Exactly the same instructions in exactly the same order with exactly the same before register values and exactly the same before data items and exactly the same operation with exactly the same results.
Yes, except for all of the storage instructions and locations in Run2, and all of the switching and swapping and whatnot in Run3.
Why are you arbitrarily labeling all this extra stuff as 'not part of the system' when it clearly is?
Lets use an easier to grasp example.
Suppose you write a program that instantiates a basic algorithm when it is run -- say, calculating the Fibonacci sequence. Pretty easy, right?
So for Run1 you start with 1, and 1, and then you add the previous two results together to get the next result.
For Run2 you do the same and, just like you said, you save the results of each step.

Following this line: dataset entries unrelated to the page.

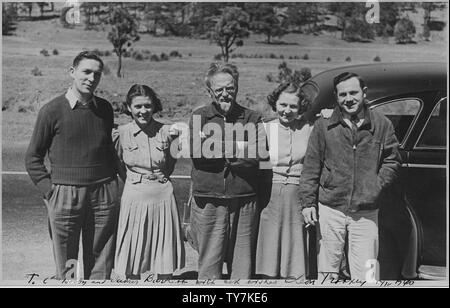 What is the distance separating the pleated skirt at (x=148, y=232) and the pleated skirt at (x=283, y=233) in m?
0.62

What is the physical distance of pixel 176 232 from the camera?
13.6ft

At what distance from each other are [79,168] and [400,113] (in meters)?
2.29

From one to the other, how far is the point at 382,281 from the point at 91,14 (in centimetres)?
293

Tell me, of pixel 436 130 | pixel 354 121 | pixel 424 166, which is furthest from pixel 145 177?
pixel 436 130

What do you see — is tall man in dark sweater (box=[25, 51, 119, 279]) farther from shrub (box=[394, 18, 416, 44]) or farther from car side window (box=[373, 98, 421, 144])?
shrub (box=[394, 18, 416, 44])

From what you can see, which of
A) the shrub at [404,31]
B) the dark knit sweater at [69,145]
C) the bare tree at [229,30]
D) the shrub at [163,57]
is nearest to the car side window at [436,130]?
the shrub at [404,31]

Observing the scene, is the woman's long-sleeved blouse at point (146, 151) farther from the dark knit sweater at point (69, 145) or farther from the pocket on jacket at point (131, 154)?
the dark knit sweater at point (69, 145)

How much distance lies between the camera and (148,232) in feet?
13.4

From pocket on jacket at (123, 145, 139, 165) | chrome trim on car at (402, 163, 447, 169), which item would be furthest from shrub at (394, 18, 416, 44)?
pocket on jacket at (123, 145, 139, 165)

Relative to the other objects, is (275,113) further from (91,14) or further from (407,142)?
(91,14)

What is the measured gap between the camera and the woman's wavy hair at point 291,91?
4.05 metres

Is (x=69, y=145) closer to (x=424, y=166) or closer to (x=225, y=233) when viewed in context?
(x=225, y=233)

Now, in Run3, everything is kosher until the first context switch -- say it occurs after the value 5 is calculated. When the CPU returns to Run3, you load in the results from Run2 at the current point in the algorithm.
But now you have information that was calculated during Run2, not during Run3, being processed. And the same thing happens after the next context switch, and so on and so forth. Yes, you calculate 5
again, but it doesn't matter, because it has already been calculated and you are using the previous result.
So you are in effect doing nothing more than "re-running" Run2. Which is why I said it would be the
same consciousness! All of the calculations have already been made, all you are doing now is producing small snapshots of that original consciousness during the brief times when Run3 has CPU time.
And the proof that it is the original consciousness is trivial -- if anything
changes to desynchronize the state of Run3 from the saved state of Run2,
it will not be reflected in Run3 past the next context switch. Of course, the same thing can be said between Run1 and Run2 as well -- they are an identical consciousness because the information is identical.
But, if the input
had been different, at least Run2 would have caught it and the results would be different. Not so for Run3 vs. Run2.
By adding the extra instructions, you alter the algorithm, such that it is now making use of different type of data than it was before. Before, any changes in the inputs at any step of the run would alter the rest of the run. Now, you are locked into the conditions of Run2.
Think about it -- if you were to expand the entire sequence of Run3, at an arbitrary location in Run3, the vast majority of it would actually have occured during Run2. Only the portion since the last context switch can rightly be said to have occured during Run3.